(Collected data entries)
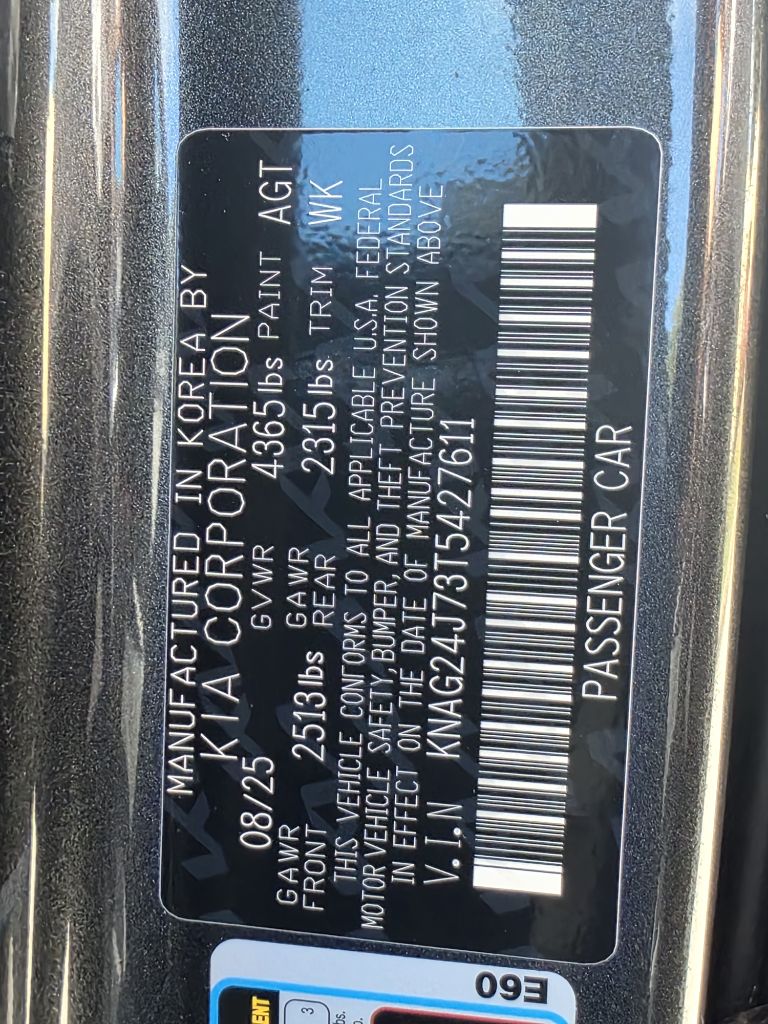 Photo 10 of this KIA K5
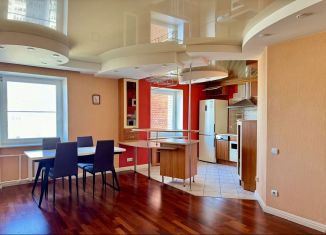 Сдается в аренду трехкомнатная квартира, 98 м2, Санкт-Петербург, Адмиральский проезд, 6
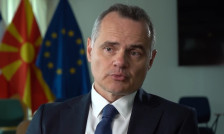 Францускиот амбасадор вели дека гаранции се невозможни, Mицкоски подготвен да чека децении за уставните измени | Сител Телевизија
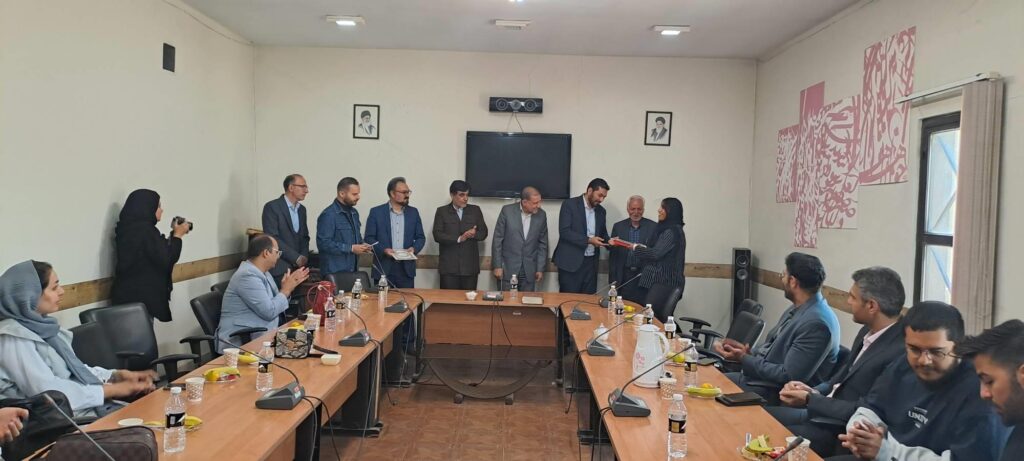 "مشعل سرخ" در شمیرانات روشن شد/ تقدیر از فیلمی که روایتگر مقاومت است 5 596955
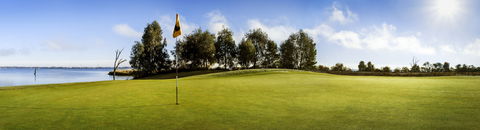 Black Bull Golf Course - Accommodation BNB 2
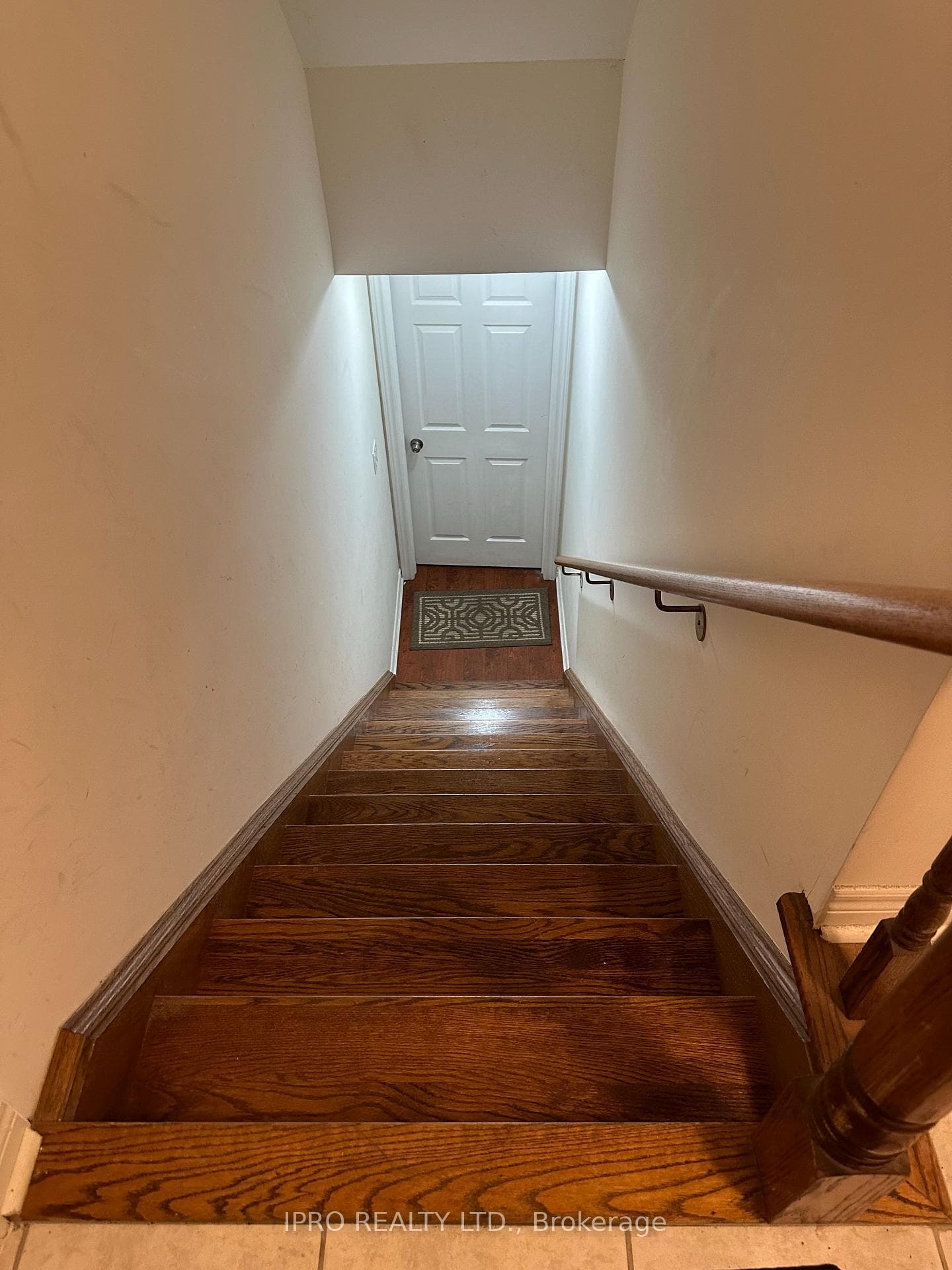 3092 Richview Boulevard Unit (Lower) photo 3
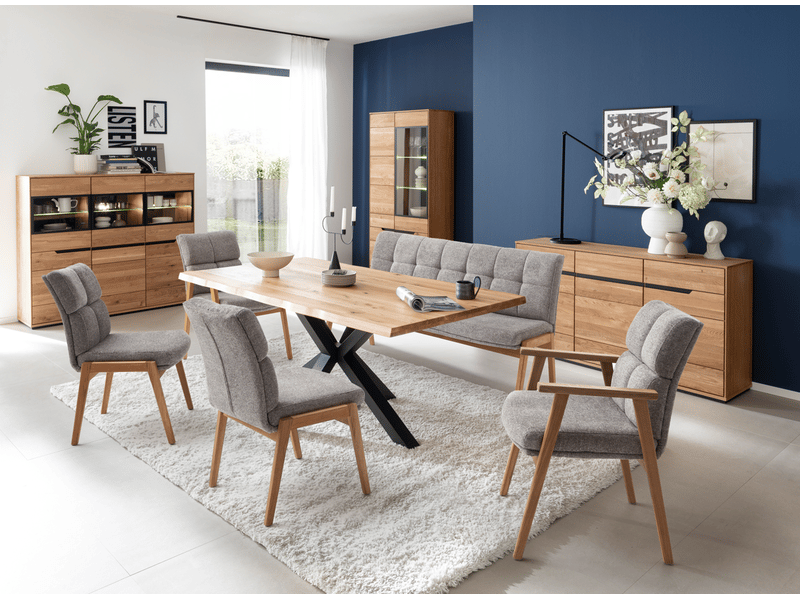  Table à manger avec bord irrégulier coloris chêne massif naturel et pieds en métal forme croisée - longueur 200 x profondeur 100 x hauteur 76 cm  - Conforama C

## Problem requirements
Return nothing except the lines from the line with "است 5 596955" through the last line of the records above, copied exactly and without pictures.

## Solved problem
 "مشعل سرخ" در شمیرانات روشن شد/ تقدیر از فیلمی که روایتگر مقاومت است 5 596955
 Black Bull Golf Course - Accommodation BNB 2
 3092 Richview Boulevard Unit (Lower) photo 3
  Table à manger avec bord irrégulier coloris chêne massif naturel et pieds en métal forme croisée - longueur 200 x profondeur 100 x hauteur 76 cm  - Conforama C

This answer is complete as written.